Weak Lensing Mass Measurements of Substructures in COMA Cluster with Subaru/Suprime-Cam

TL;DR

This study uses weak lensing analysis with Subaru/Suprime-Cam to measure the mass of substructures in the Coma cluster, correcting for background structures and modeling the subclumps with truncated profiles.

Contribution

It provides the first detailed weak lensing mass measurements of substructures in the Coma cluster, including LSS correction and modeling of subclump profiles.

Findings

Average subclump mass after correction: (5.06±1.30)×10^12 h^-1 M_sun

Typical subclump truncation radius: ~35 h^-1 kpc

Substructures account for about 19% of the cluster's virial mass

Abstract

We obtain the projected mass distributions for two Subaru/Suprime-Cam fields in the southwest region (r\simlt 60') of the Coma cluster (z=0.0236) by weak lensing analysis and detect eight subclump candidates. We quantify the contribution of background large-scale structure (LSS) on the projected mass distributions using SDSS multi-bands and photometric data, under the assumption of mass-to-light ratio for field galaxies. We find that one of eight subclump candidates, which is not associated with any member galaxies, is significantly affected by LSS lensing. The mean projected mass for seven subclumps extracted from the main cluster potential is <M_2D^(corr)> = (5.06\pm1.30)10^12h^-1 M_sun after a LSS correction.
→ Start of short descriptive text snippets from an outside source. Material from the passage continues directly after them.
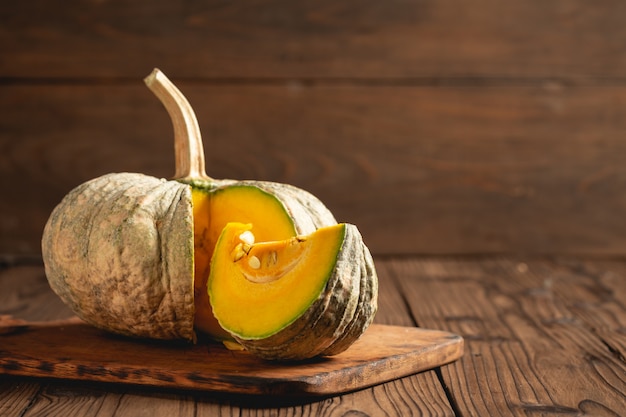 Autumn pumpkin on wooden table.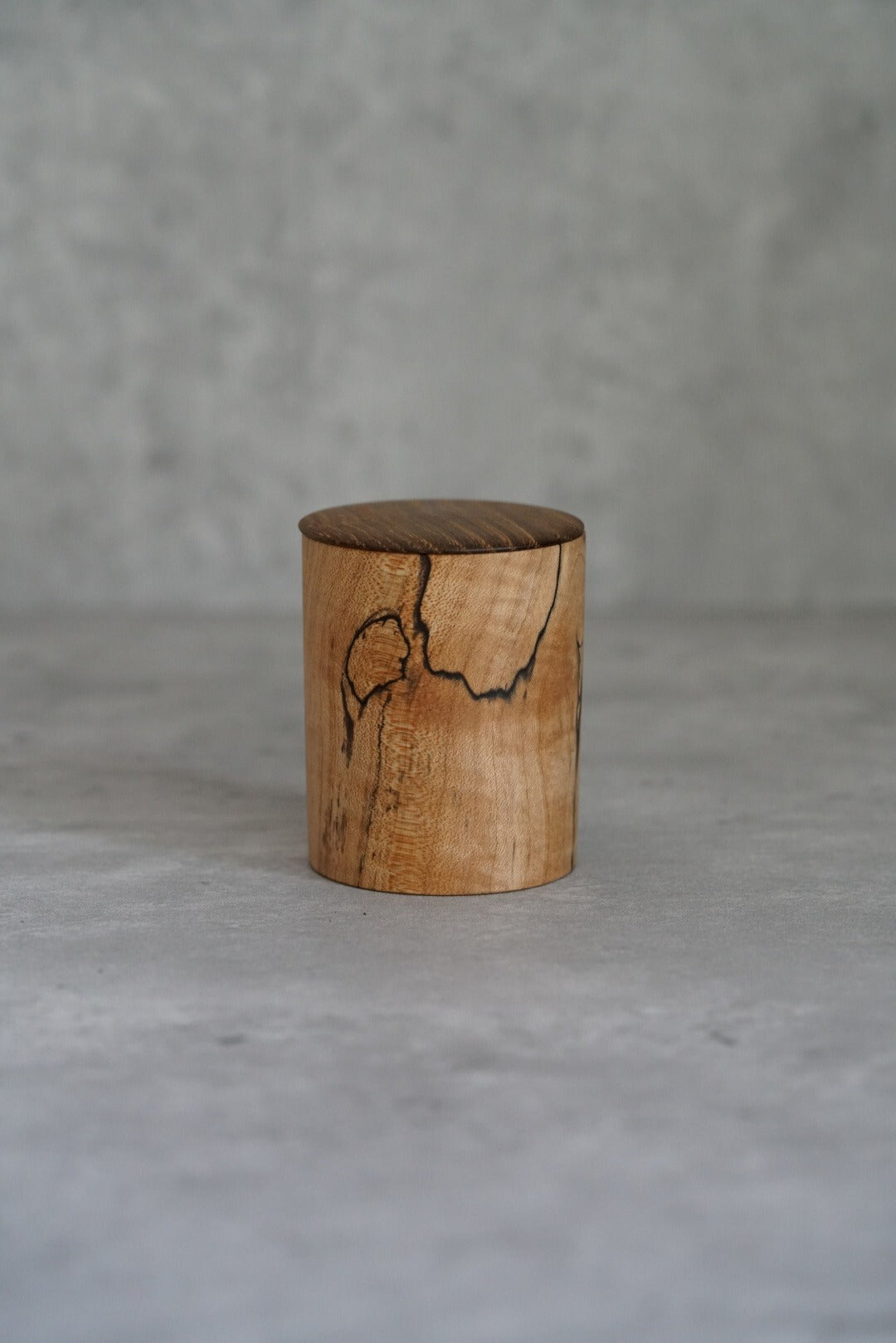 Small lidded wooden jar turned from pale maple, with a dark natural crack across the lid.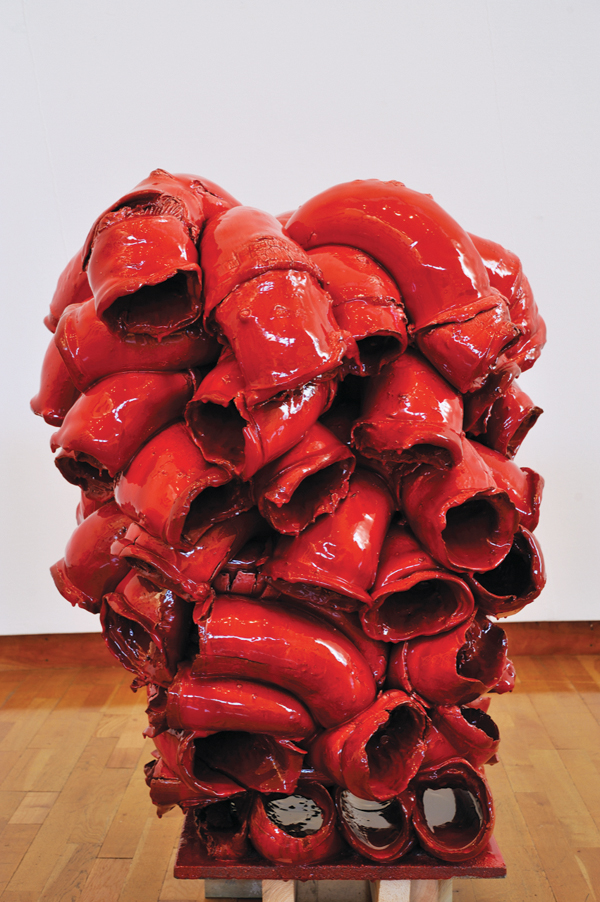 1 Torbjørn Kvasbø’s Tube Forms, Red, 4 ft. (1.2 m) in height, terra-cotta clay, extruded tube elements, white slip, lead-bisilicate based glaze, red stain. Photo: Jørn Hagen.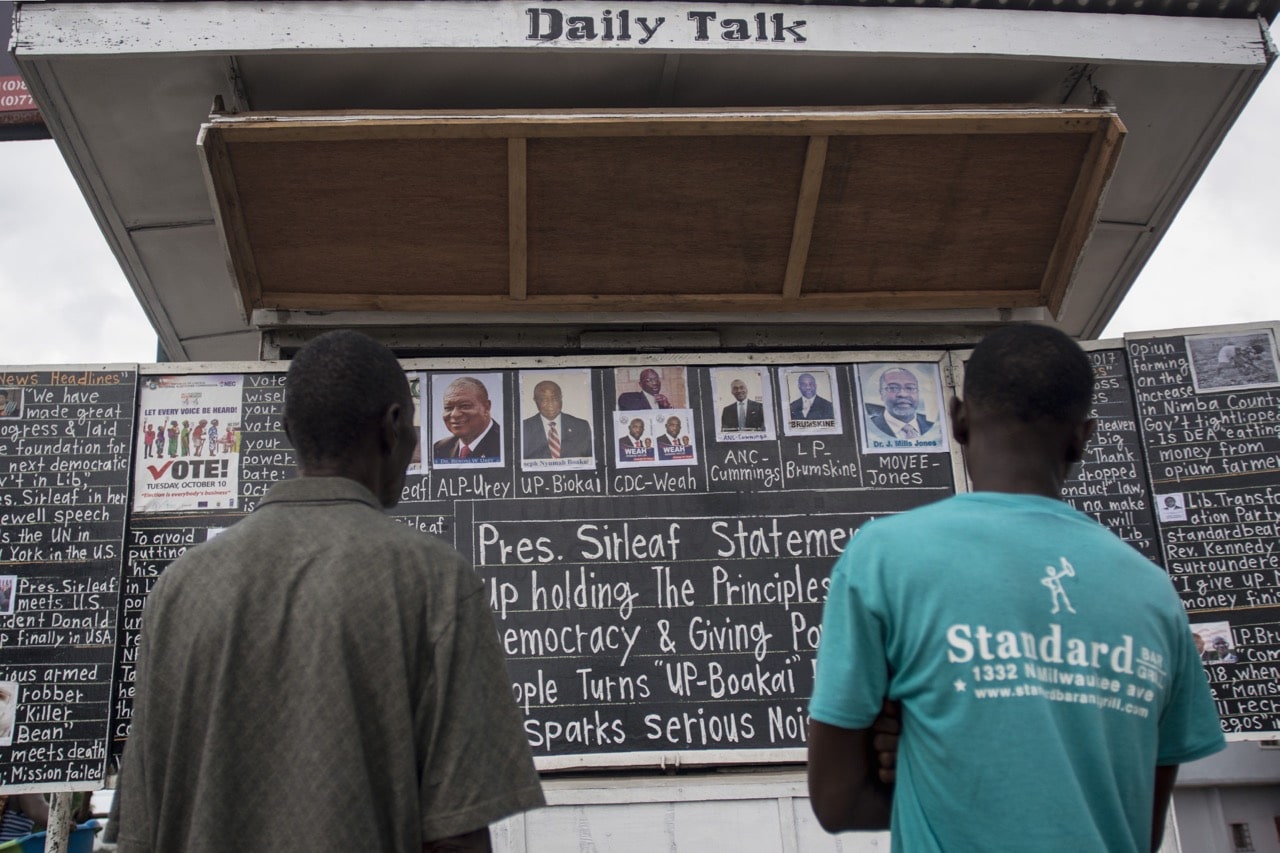 People stand in front of the "Daily Talk" chalkboard on Tubman Boulevard, in Monrovia, Liberia, 27 September 2017, CRISTINA ALDEHUELA/AFP/Getty Images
A tangential distortion profile over an ensemble of subclumps is well described by a truncated singular-isothermal sphere model and a truncated NFW model. A typical truncated radius of subclumps, r_t\simeq 35 h^-1 kpc, is derived without assuming any relations between mass and light for member galaxies. The radius coincides well with the tidal radius, \sim42 h^-1 kpc, of the gravitational force of the main cluster. Taking into account the incompleteness of data area, a projection effect and spurious lensing peaks, it is expected that mass of cluster substructures account for 19 percent of the virial mass, with 13 percent statistical error. The mass fraction of cluster substructures is in rough agreement with numerical simulations.